(转)Illustrated: Efficient Neural Architecture Search ---Guide on macro and micro search strategies in ENAS
Illustrated: Efficient Neural Architecture Search
--- Guide on macro and micro search strategies in ENAS
2019-03-27 09:41:07
This blog is copied from: https://towardsdatascience.com/illustrated-efficient-neural-architecture-search-5f7387f9fb6
Designing neural networks for various tasks like image classification and natural language understanding often requires significant architecture engineering and expertise. Enter Neural Architecture Search (NAS), a task to automate the manual process of designing neural networks. NAS owes its growing research interest to the increasing prominence of deep learning models of late.
There are many ways to search for or discover neural architectures. Over the past couple of years, the community has seen different search methods proposed including:
- Reinforcement learning
Neural Architecture Search with Reinforcement Learning (Zoph and Le, 2016)
NASNet (Zoph et al., 2017)
ENAS (Pham et al., 2018) - Evolutionary algorithm
Hierarchical Evo (Liu et al., 2017)
AmoebaNet (Real et al., 2018) - Sequential model-based optimisation (SMBO)
PNAS (Liu et al., 2017) - Bayesian optimisation
Auto-Keras (Jin et al., 2018)
NASBOT (Kandasamy et al. 2018) - Gradient-based optimisation
SNAS (Xie et al., 2018)
DARTS (Liu et al., 2018)
In this post, we will look at Efficient Neural Architecture Search (ENAS)which employs reinforcement learning to build convolutional neural networks (CNNs) and recurrent neural networks (RNNs). The authors (Hieu Pham, Melody Guan, Barret Zoph, Quoc V. Le, and Jeff Dean) proposed a predefined neural network to generate new neural networks guided by a reinforcement learning framework using macro and micro search. That’s right – a neural network building another neural network.

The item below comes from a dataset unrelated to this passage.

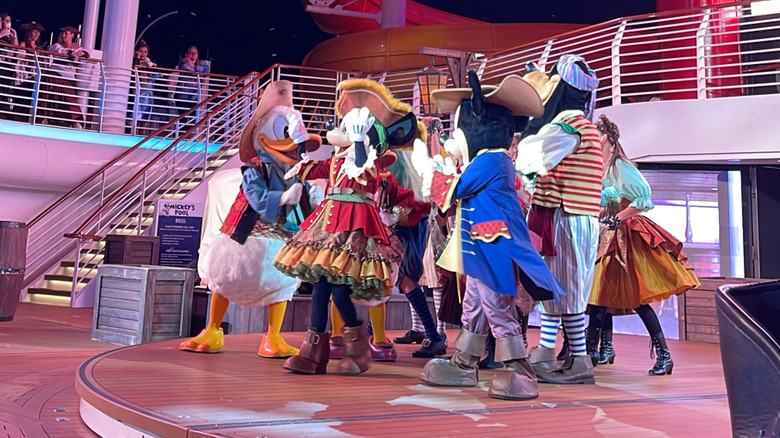 Disney characters including Donald, Minnie, Mickey, and Goofy gather onstage during Pirate Night on the Disney Wish cruise ship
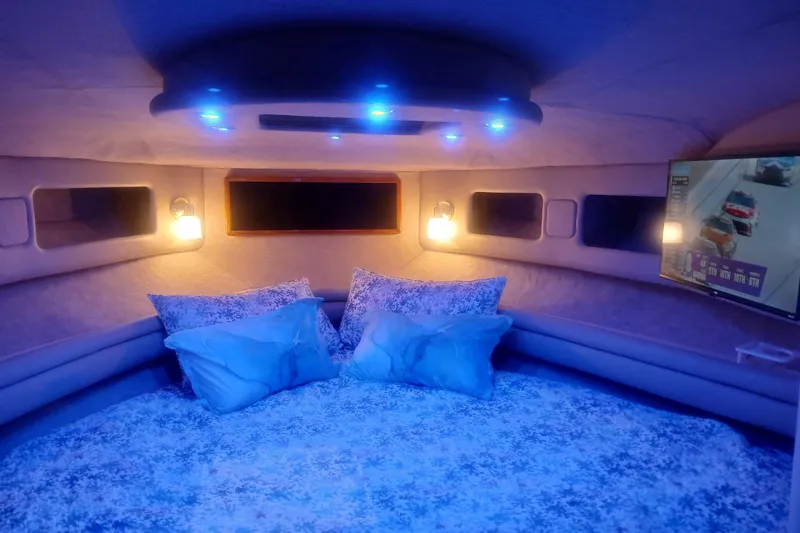 Slide: The Image of Luxurious 1996 Sea Ray 550 Sedan Bridge cabin with cozy bedding and ambient lighting. - 10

The purpose of this article is to provide the readers a tutorial on how the macro and micro search strategies lead to generating neural networks. While the illustrations and animations serve to guide the readers, the sequence of animations do not necessarily reflect the flow of operations (due to vectorisation etc.).

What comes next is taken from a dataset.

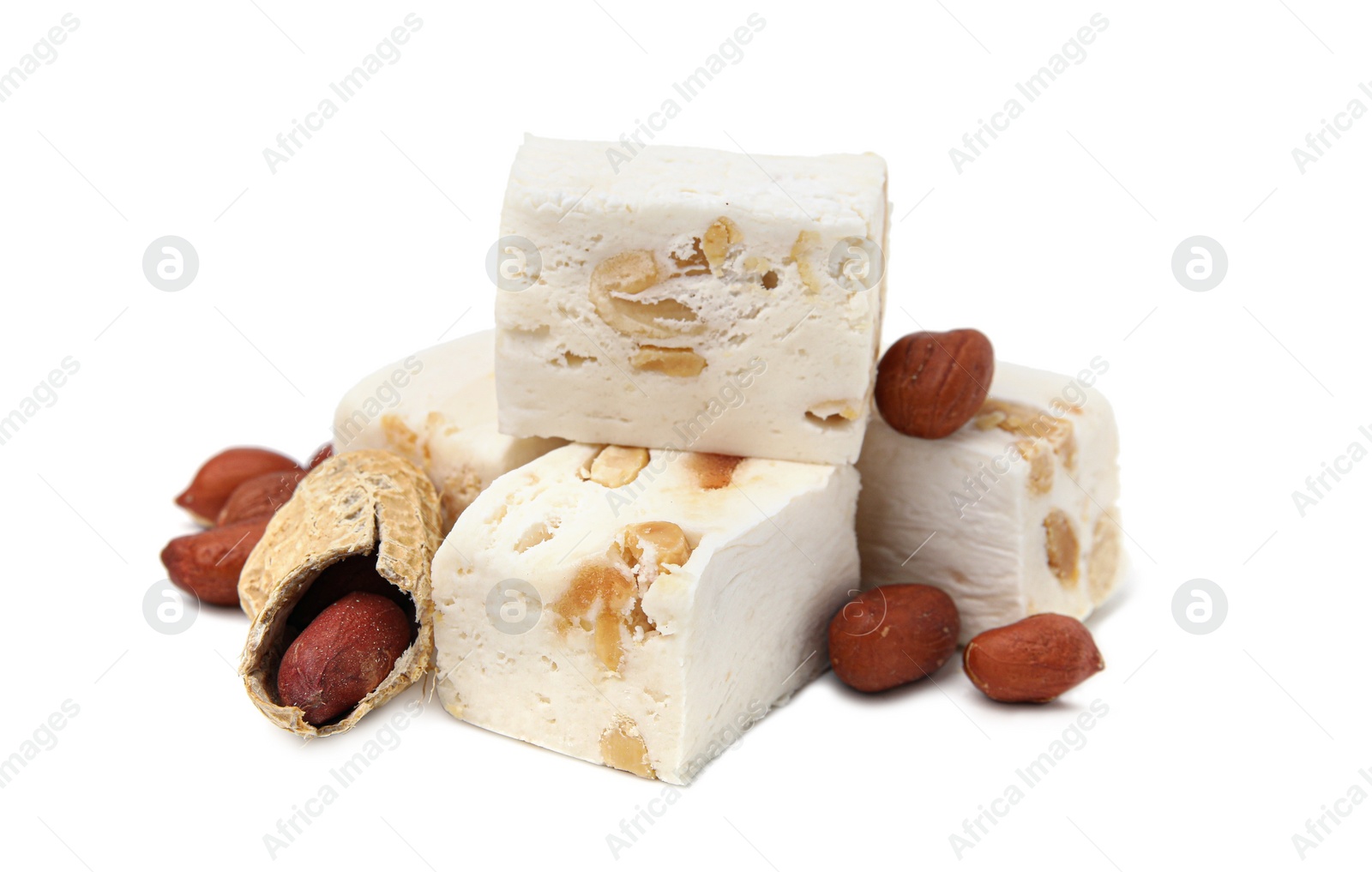 Photo of Pieces of delicious nougat and nuts on white background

We shall narrow the scope of this tutorial to neural architecture search for CNNs in an image classification task. This article assumes that the reader is familiar with the basics of RNNs, CNNs, and reinforcement learning. Familiarity with deep learning concepts like transfer learning and skip/residual connections will greatly help as they are heavily used in the architecture search. It is not required to have read the paper, but it would speed up your understanding.
Contents
0. Overview
1. Search Strategy
1.1. Macro Search
1.2. Micro Search
2. Notes
3. Summary
4. Implementations
5. References
0. Overview
In ENAS, there are 2 types of neural networks involved:
- Controller – a predefined RNN, which is a long short-term memory (LSTM) cell
- Child model – the desired CNN for image classification
Like most other NAS algorithms, the ENAS involves 3 concepts:
- Search space — all the different possible architectures or child models that can possibly be generated
- Search strategy — a method to generate these architectures or child models
- Performance evaluation — a method to measure the effectiveness of the generated child models
Let’s see how these five ideas form the ENAS story.
The controller controls or directs the building of the child model’s architecture by “generating a set of instructions” (or, more rigorously, making decisions or sampling decisions) using a certain search strategy. These decisions are things like what types of operations (convolutions, pooling etc.) to perform at a particular layer of the child model. Using these decisions, a child model is built. A generated child model is one of the many possible child models that can be built in the search space.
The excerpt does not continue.